Another suggestive subtext is how the infection works on its victims. It requires a hormone secreted during REM sleep. In other words, it happens while you are dreaming. And when you stop dreaming mid-sequence, you die. Once infected, your only chance to not evolve is to not go to sleep—specifically, to not dream.
The film leads us to wonder: why does the old model of humans resist the progress of the new models? Is their project to create a vaccine or a treatment morally well-founded? What would you give up in order to defeat racism and war?
The protagonist makes some suggestive remarks. First, she prescribes her patient an antipsychotic because the patient doesn’t trust her husband. Later, she laments this decision. This closely mirrors our own world, where psychiatrists’ first line of attack is to medicate problems. Could we grow out of this? She suggests we can. Also, at a dinner with some philosophers, she describes a future in which we have stood on the shoulders of the giants of psychology. Feminism has a place at the table, she suggests, but 50 years ago, it was a radical idea. People are evolving still. While we look much like the humans who wandered the Earth 5000 years ago, in what ways are we different in terms of cognition and morality? She is dreaming of a better future world full of better future people. How ironic, then, that she prevents herself from dreaming in order to not evolve.
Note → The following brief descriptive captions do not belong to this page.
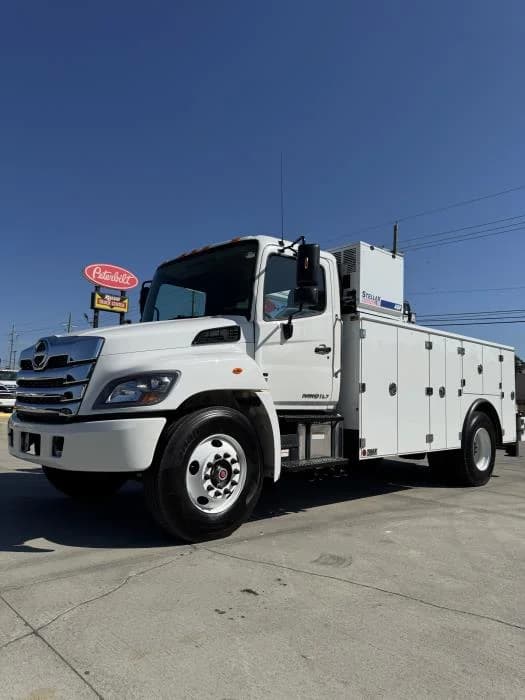 2025 Hino L7 in Texarkana, TX — photo 2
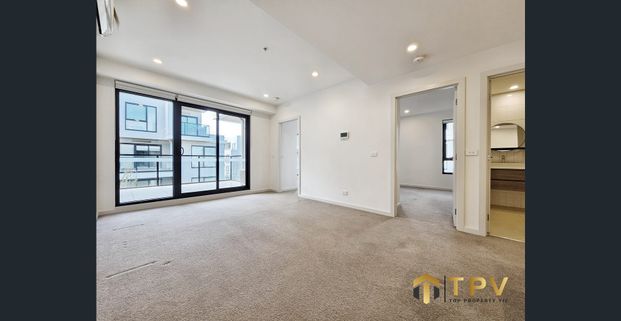 Spacious 2 bedrooms Apartment Has to Offer - Photo 1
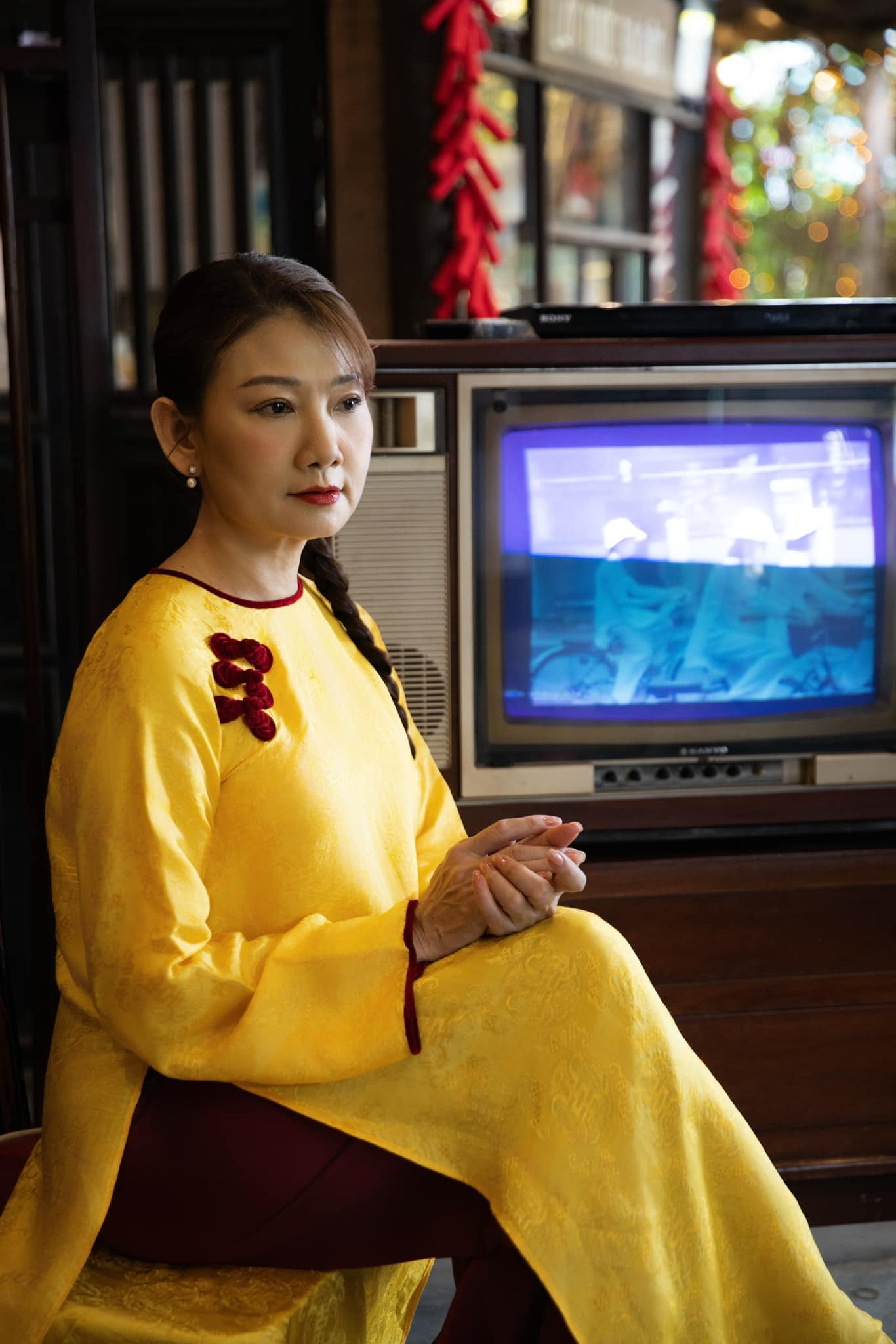 Mẹ chồng Hồng Diễm trên phim có đời thực trẻ đẹp ở tuổi 50 nhờ một thói quen buổi sáng - Ảnh 7.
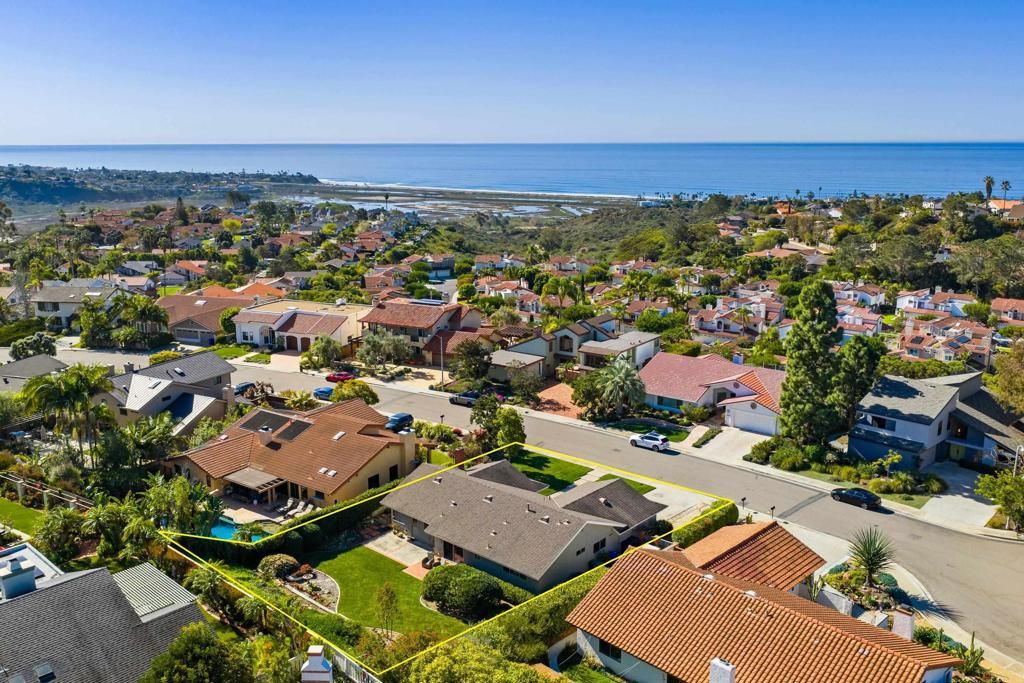 Photo of 2021 Bruceala Court, Cardiff By The Sea, CA 92007 (MLS # NDP2601169)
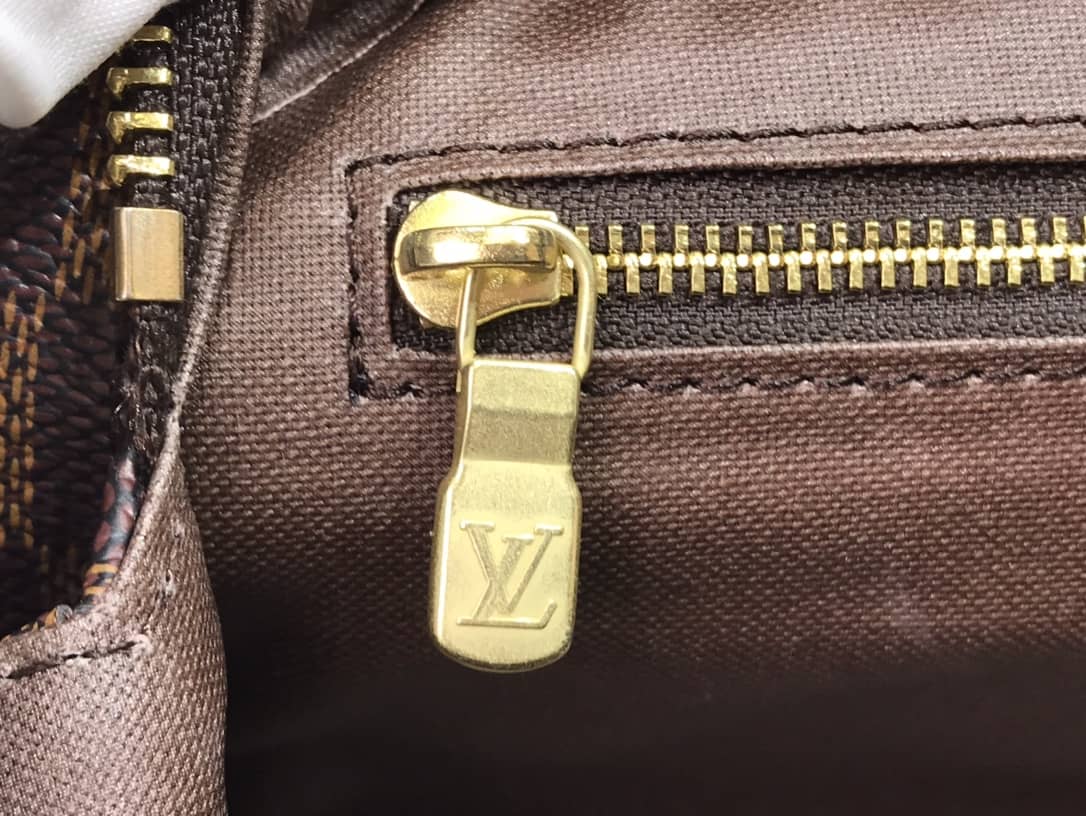 L0vis Vvtt0n King Size Toiletry Bag Replica M47528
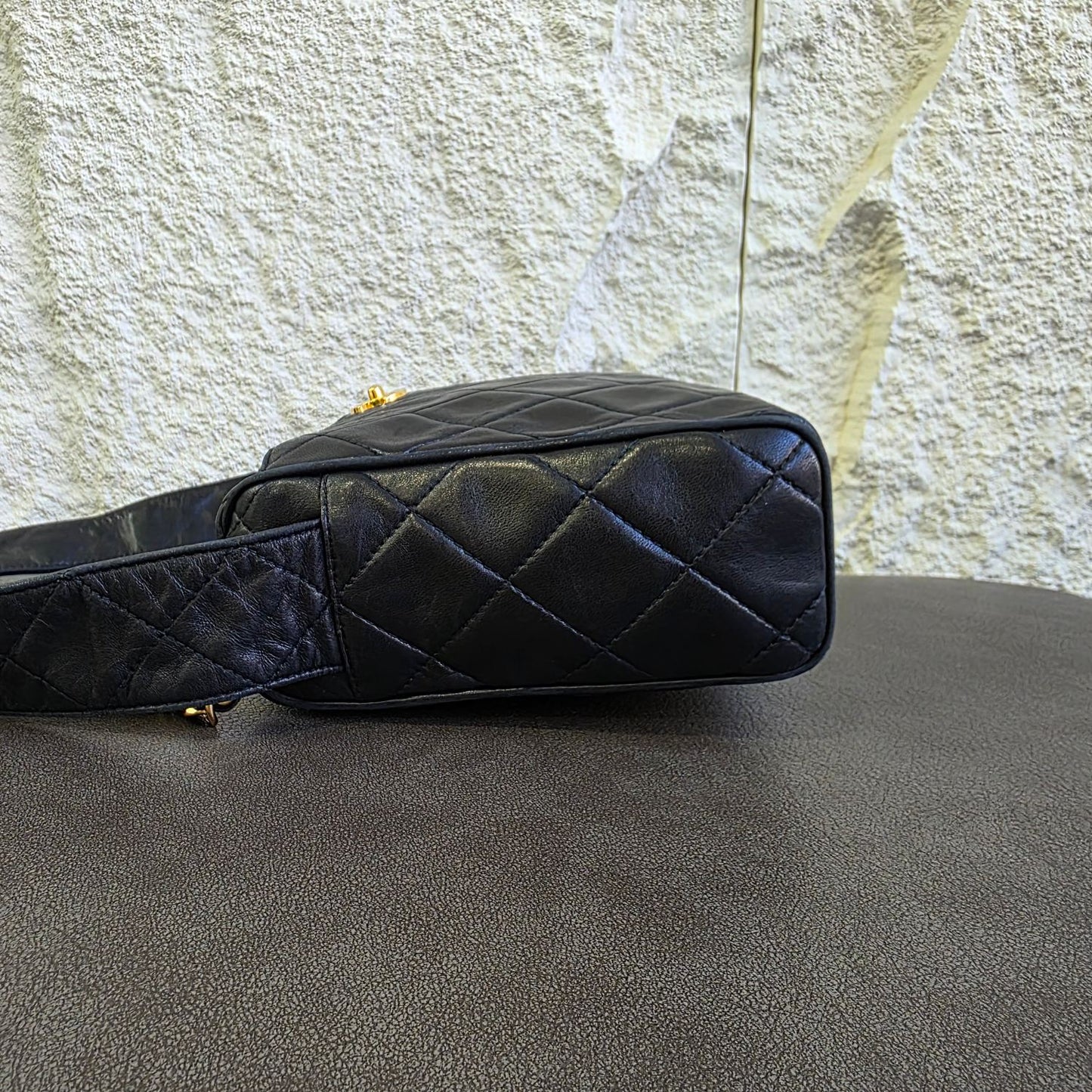 CHANEL ショルダーバッグ【中古】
There is some irony here, some tension between her two selves. One self sees the slow march of evolution and supports social change; the other sees peace blossoming on the news, knows the reason is this new form of human in front of her, and seeks to stop and reverse the change.
I think this film has it exactly correct. We are tending more and more towards peace, a global family—but there are elements of resistance out there that label ecological consciousness as eco-terrorism and concern for the public good as socialism (meaning Stalinism). War is for profit, medicine is for profit, food is for profit, racism is for profit. As long as some people profit from disharmony, harmony will be very difficult to attain. We have to do more than wait for old racists to die.
So, let’s ask the questions. What would you give up to attain peace in our time? Would you let go of your stronger feelings? Would you accept strangers as your own family? Would you cut ties with zealots, abandon political party, work for the common good? Give up faith (and doubt)?